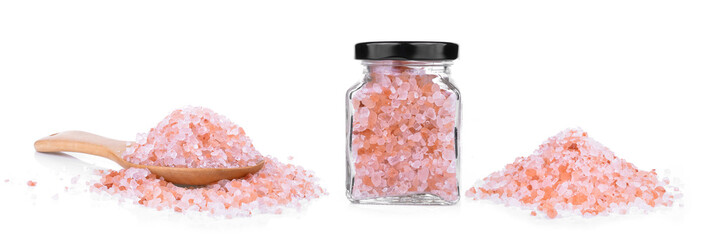 Pink Himalayan salt on a wooden spoon isolated on white background.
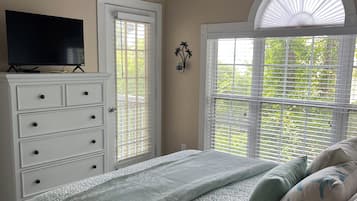 A bedroom with a bed, a dresser, a television on top, and a window with blinds.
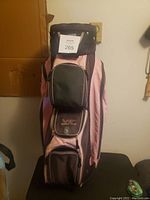 Front view of the World Tour women golf bag showing pink and black colors with three zippered pockets and World Tour logo on one pocket.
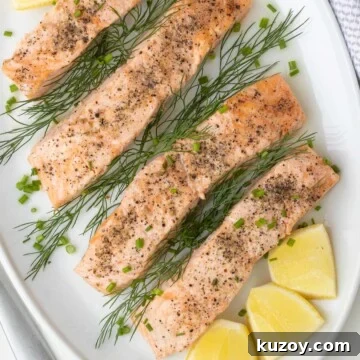 Close up of a platter of salmon filets with lemon and herbs on a table.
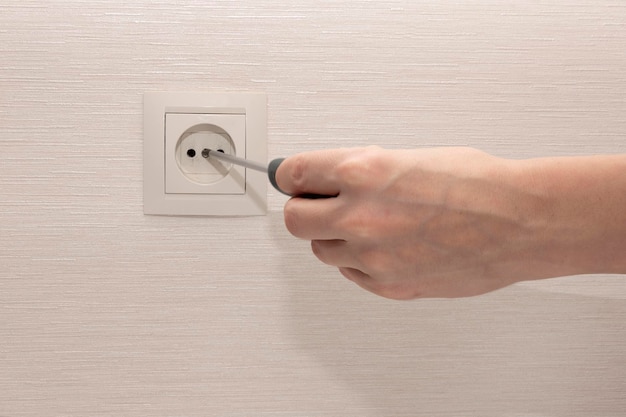 Installing an outlet with a screwdriver at home. A hand holds a screwdriver and screws a beige electrical outlet to the wall. High quality photo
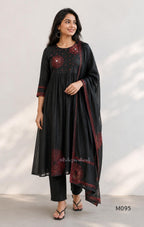 Black and teal blue Mul Chanderi 3-piece churidar sets with red circular embroidery and coordinated dupattas.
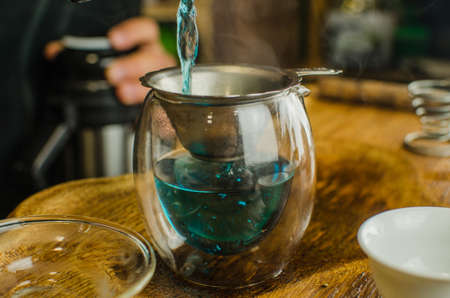 Organic blue tea Anchan in a teapot and a cupsの写真素材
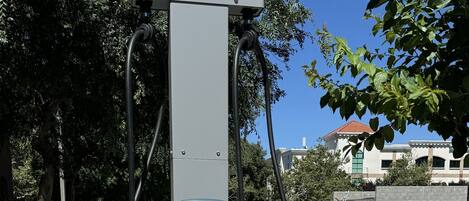 Una estación de carga para vehículos eléctricos con varios cables conectados, con un fondo de árboles y un edificio.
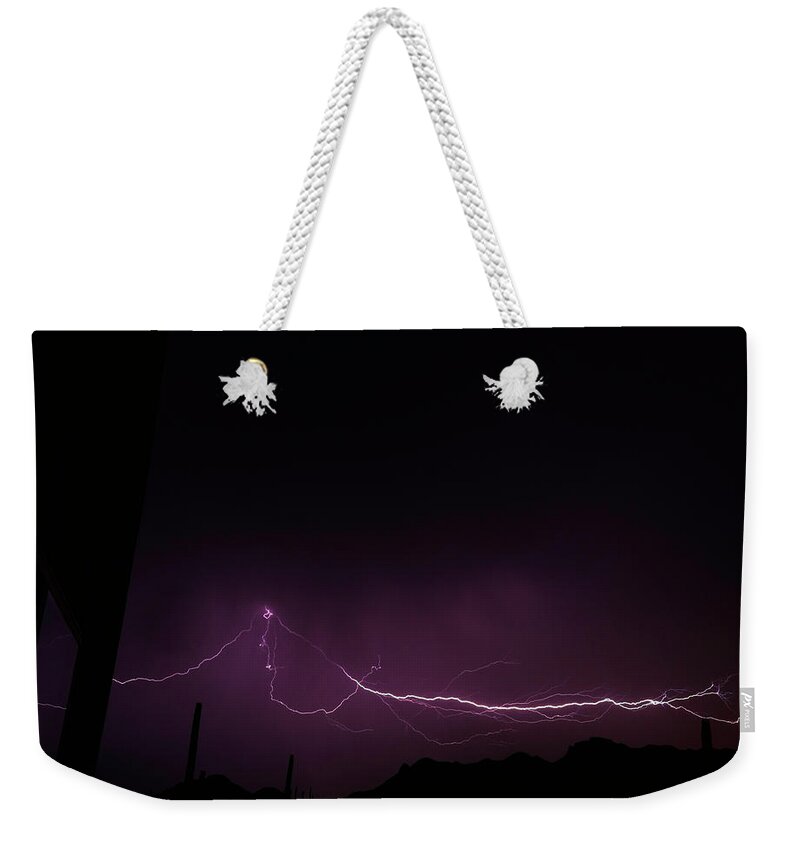 Cloud Weekender Tote Bag featuring the photograph Cloud To Cloud by Mike Herdering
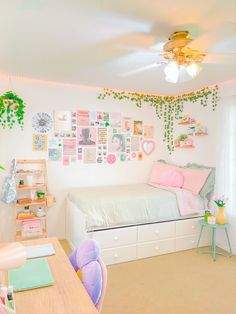 a child's bedroom with pink and green decor on the walls, white bedding and wooden desks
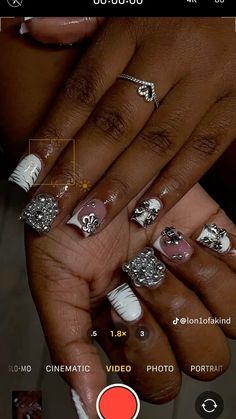 someone is holding their hands with different nail designs on the nails and one has an orange circle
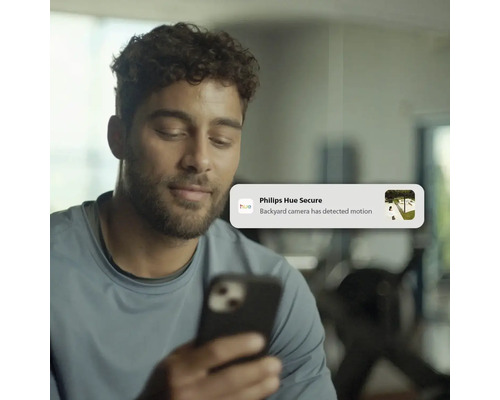 Homme regardant un smartphone avec une notification Philips Hue Secure indiquant un mouvement détecté par la caméra du jardin.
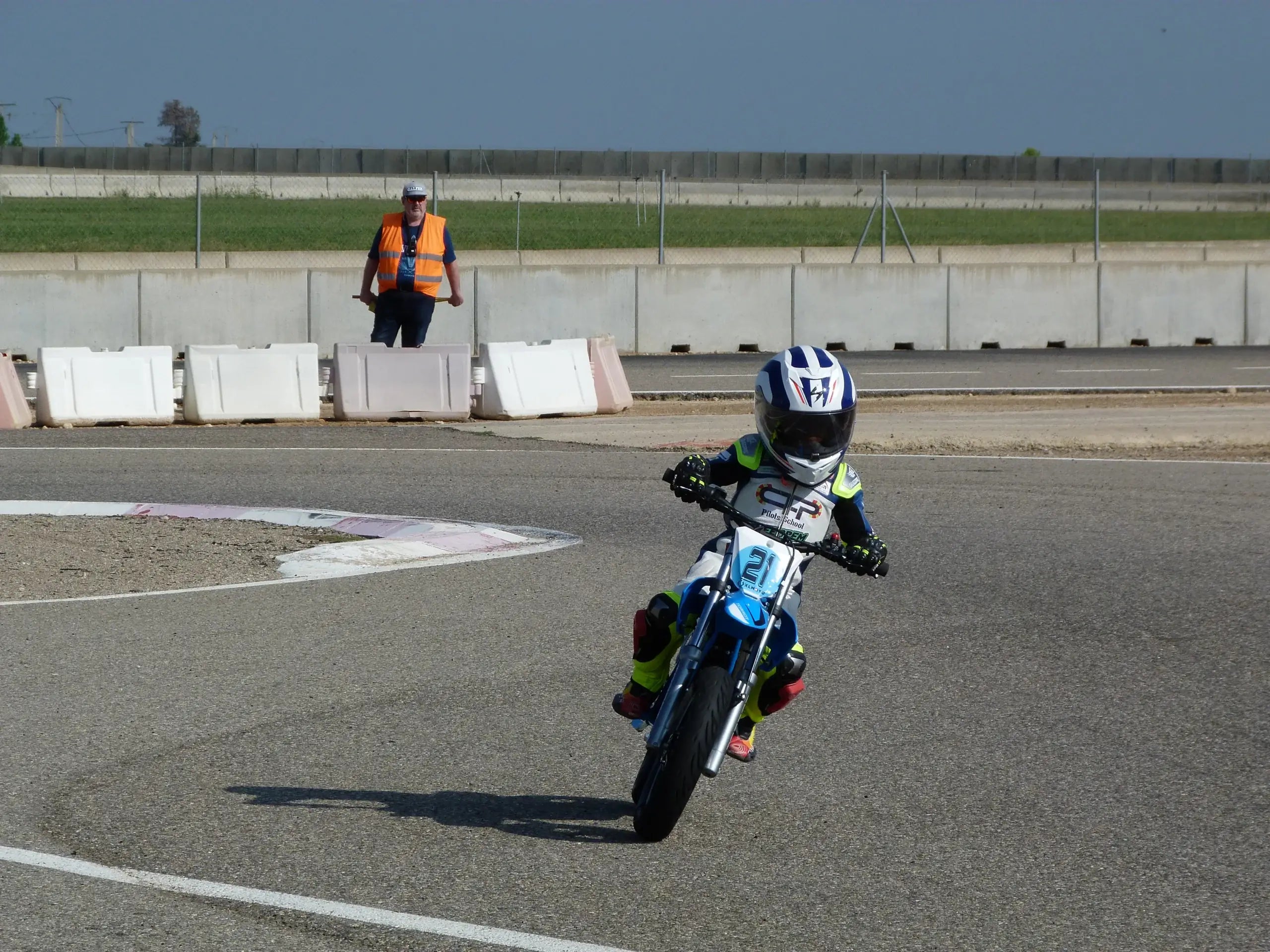 Child on a small motorcycle with a person in an orange vest in the background on a track.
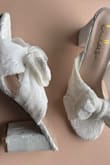 I absolutely love my new shoes. I ordered them for my wedding. They're everything I ever hoped they would be, however, as soon as I opened the box I noticed there was a yellow stain on the side of one of the shoes. I would 10/10 recommend these shoes. But I will be exchanging them in hopes of receiving a pair without any stains for my wedding. - Joy J.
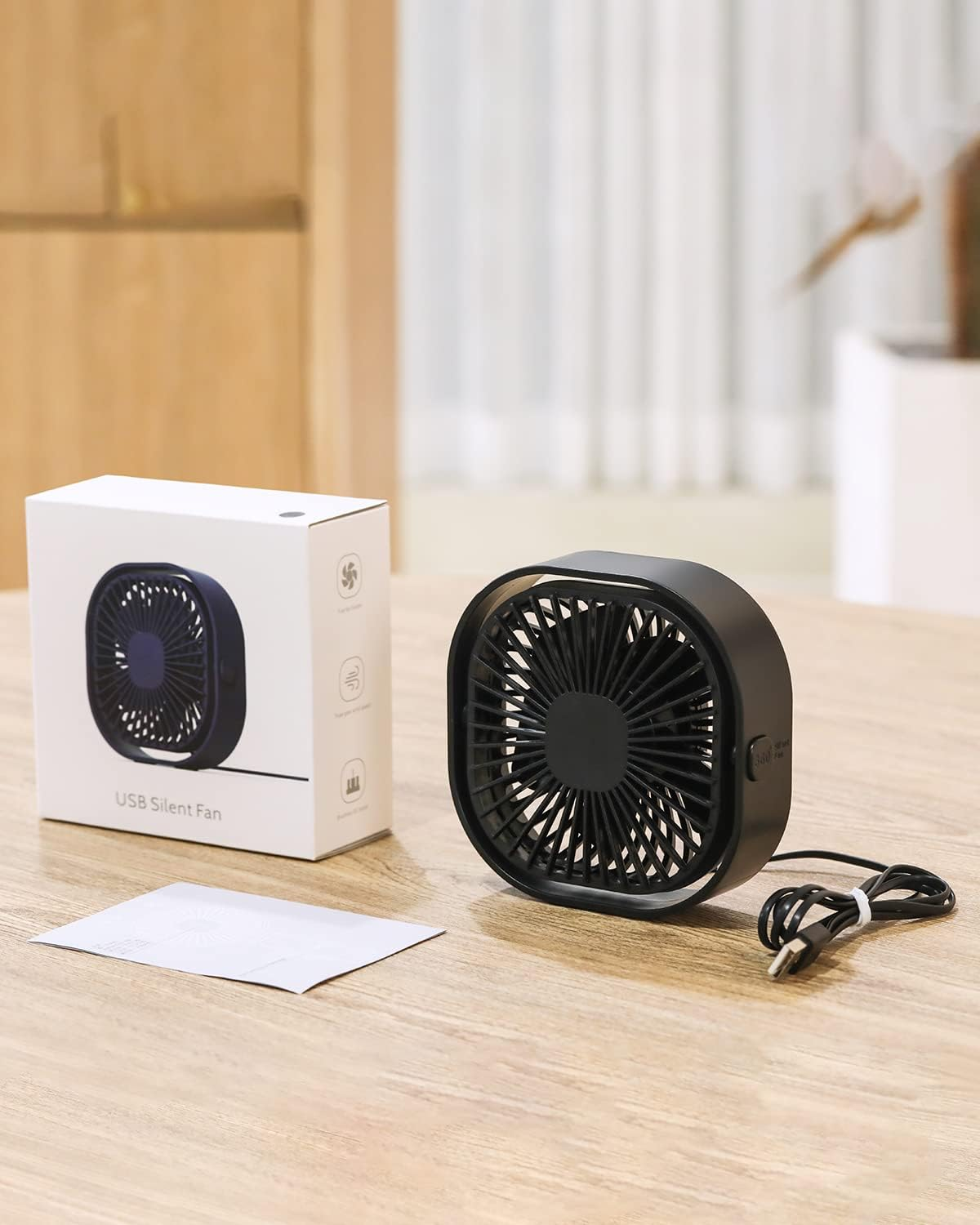 USB silent fan on a table with its box, showing product design for a shopping article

○ ○ ○ ○ ○ ○ ○

### Aim of the task
Everything in the records must be transcribed exactly, except the pictures, which are left out.

### Reply to the task
 Pink Himalayan salt on a wooden spoon isolated on white background.
 A bedroom with a bed, a dresser, a television on top, and a window with blinds.
 Front view of the World Tour women golf bag showing pink and black colors with three zippered pockets and World Tour logo on one pocket.
 Close up of a platter of salmon filets with lemon and herbs on a table.
 Installing an outlet with a screwdriver at home. A hand holds a screwdriver and screws a beige electrical outlet to the wall. High quality photo
 Black and teal blue Mul Chanderi 3-piece churidar sets with red circular embroidery and coordinated dupattas.
 Organic blue tea Anchan in a teapot and a cupsの写真素材
 Una estación de carga para vehículos eléctricos con varios cables conectados, con un fondo de árboles y un edificio.
 Cloud Weekender Tote Bag featuring the photograph Cloud To Cloud by Mike Herdering
 a child's bedroom with pink and green decor on the walls, white bedding and wooden desks
 someone is holding their hands with different nail designs on the nails and one has an orange circle
 Homme regardant un smartphone avec une notification Philips Hue Secure indiquant un mouvement détecté par la caméra du jardin.
 Child on a small motorcycle with a person in an orange vest in the background on a track.
 I absolutely love my new shoes. I ordered them for my wedding. They're everything I ever hoped they would be, however, as soon as I opened the box I noticed there was a yellow stain on the side of one of the shoes. I would 10/10 recommend these shoes. But I will be exchanging them in hopes of receiving a pair without any stains for my wedding. - Joy J.
 USB silent fan on a table with its box, showing product design for a shopping article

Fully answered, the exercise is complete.